É importante que exista, de fato, uma sinalização do ponto de vista de regra fiscal. O teto de gastos, dadas as diversas alterações que vinha sofrendo, com o objetivo de aumentar os custos, perdeu a eficácia. Tínhamos uma regra para controlar despesas, mas toda vez que o governo queria aumentá-la, mudava-se a regra — então, acabava não cumprindo o seu papel. No cenário atual, o teto de gasto não é mais crível. A sociedade não acredita que o governo conseguiria controlar o crescimento das despesas com a regra do jeito que está.
Começamos a observar, também, que as metas para o resultado primário, criadas desde a Lei de Responsabilidade Fiscal, foram ignoradas diversas vezes nos últimos anos, com a aprovação de itens que não comporiam mais a meta primária, a compensação do resultado primário do governo federal com o resultado primário de estatais federais.
Temos, no histórico de regras fiscais, situações em que foram criadas diversas alterações ou exceções à regra, as quais fizeram o esforço perder a eficácia. O objetivo central de uma regra fiscal é reduzir o viés deficitário das contas públicas para criar um ambiente de sustentabilidade, e viemos de um cenário de muitos anos de aumento da relação dívida/PIB. Isso tudo dá um sinal de que as regras fiscais precisam de uma modernização.
De fato, o que foi apresentado agora é mais flexível. Só que ainda lidamos com uma conjunção de dependência de receitas. A simples aplicação da regra não garante que o governo consiga cumprir, por exemplo, as metas para o resultado primário sem que anuncie medidas de aumento de receitas, uma vez que, no fim do ano passado, foi aprovada a emenda da transição, a qual autorizou um aumento de despesa para 2023 na ordem de R$ 145 bilhões no teto de gastos, mais a exclusão de alguns outros itens, totalizando algo como R$ 170 bilhões de exceção.
Temos um aumento de despesa sem sinalizar as fontes de financiamento.
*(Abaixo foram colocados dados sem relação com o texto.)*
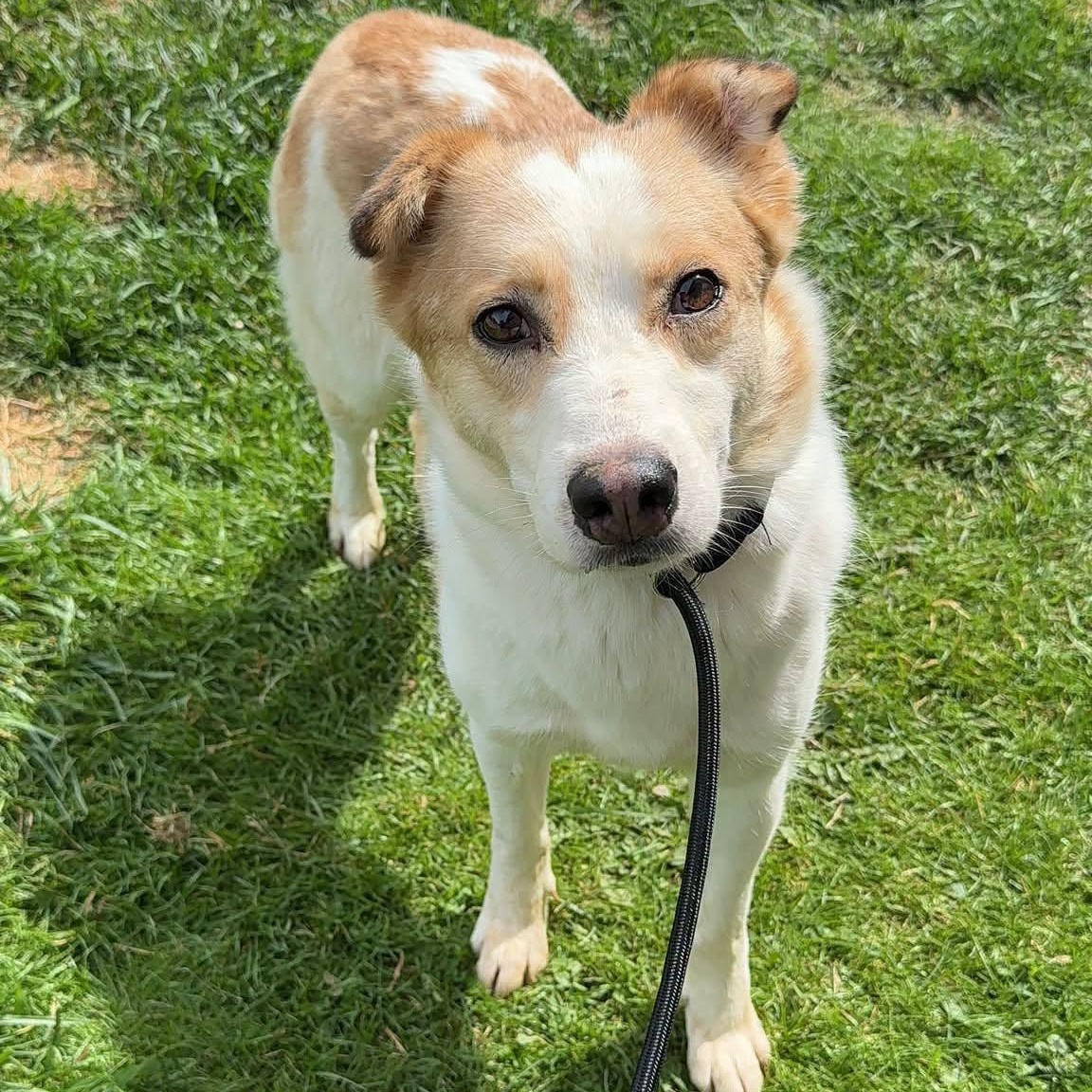Enlarge Mochi, a ADOPTABLE mixed breed in Alma, MI image 3/3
São custos recorrentes que vão acontecer não só em 2023, mas em todos os anos subsequentes. Então, qualquer regra fiscal que fosse apresentada sem mexer nessa nova estrutura naturalmente demandaria algum ganho de receita. Agora, é a fase em que discutimos também as fontes de financiamento. Mas não há dúvidas de que esse tipo de regra fiscal e o seu alcance dependem de o aumento da arrecadação para o governo promover mais crescimento econômico, melhoria da produtividade e aumento da eficiência do recolhimento. Nesse ponto, podemos obter ganhos com as melhorias da eficiência e da qualidade do gasto público.
O novo arcabouço fiscal vem nessa direção de tentar conferir mais flexibilidade, reduzindo-se a tendência de alterar a regra com muita frequência.